- **Task brief**: Each line, starting at the one with "NWT Jones of New York top" and running to the end of the data below, is to be set down again exactly, both ends included; leave pictures out.

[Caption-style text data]
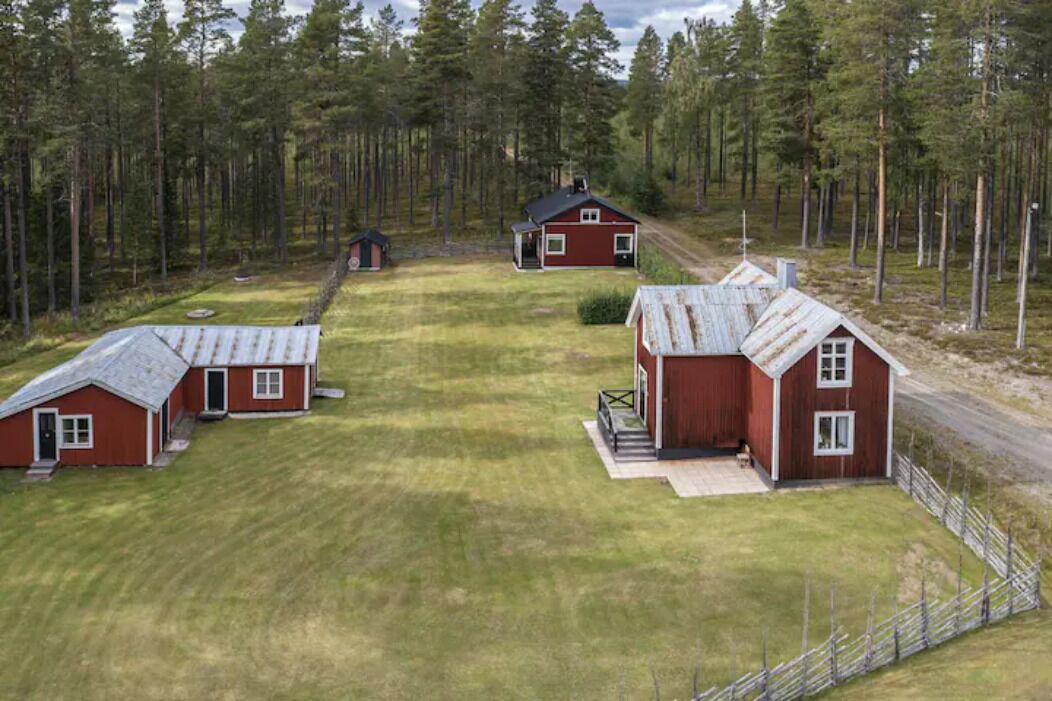 Photo of Outdoor in Bastutrask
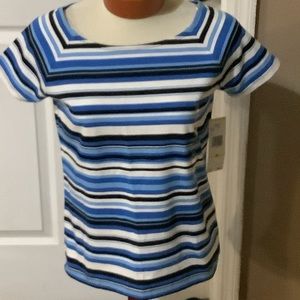 NWT Jones of New York top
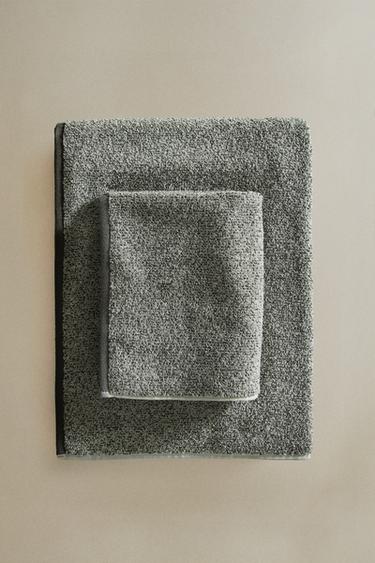 BADEHANDTUCH MIT MELANGE-EFFEKT - Dunkelgrün von Zara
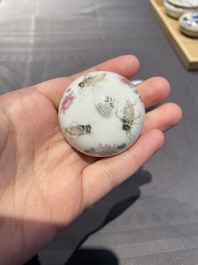 Cinq bo&icirc;tes &agrave; p&acirc;te &agrave; sceaux couvertes en porcelaine de Chine, 19/20&egrave;me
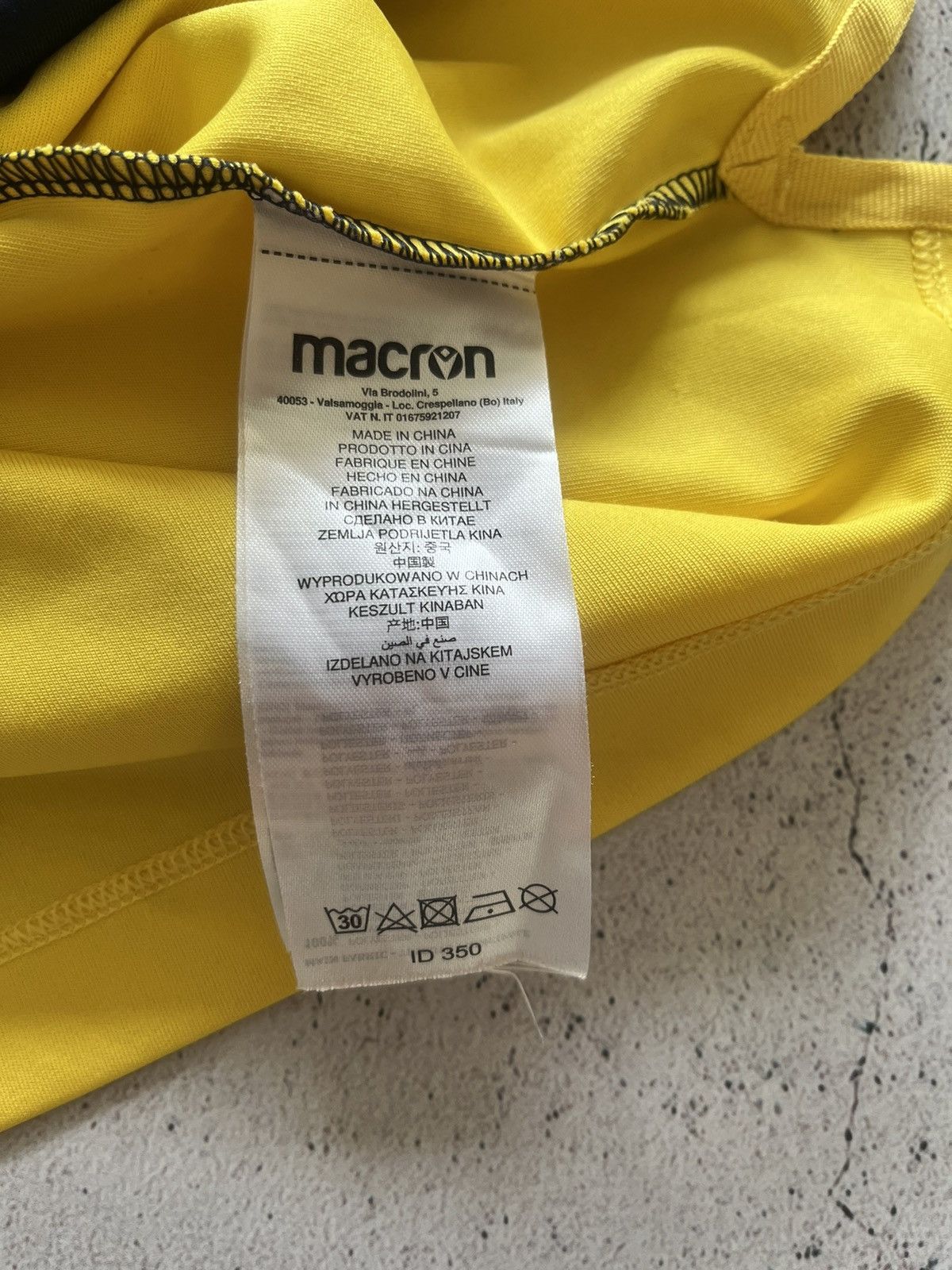 Macron MACRON FC STOKE CITY 2020/21 TRAINING SOCCER JERSEY,SIZE XL Size US XL / EU 56 / 4 - 7 Thumbnail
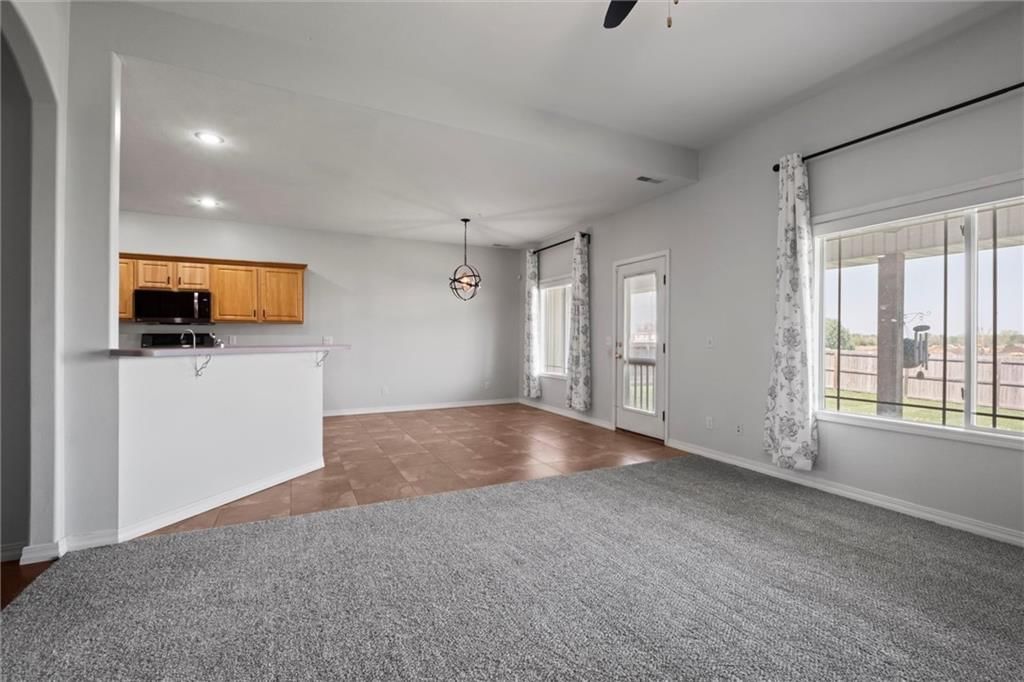 10300 Lucca Lane — photo 3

- **Exercise result**:
 NWT Jones of New York top
 BADEHANDTUCH MIT MELANGE-EFFEKT - Dunkelgrün von Zara
 Cinq bo&icirc;tes &agrave; p&acirc;te &agrave; sceaux couvertes en porcelaine de Chine, 19/20&egrave;me
 Macron MACRON FC STOKE CITY 2020/21 TRAINING SOCCER JERSEY,SIZE XL Size US XL / EU 56 / 4 - 7 Thumbnail
 10300 Lucca Lane — photo 3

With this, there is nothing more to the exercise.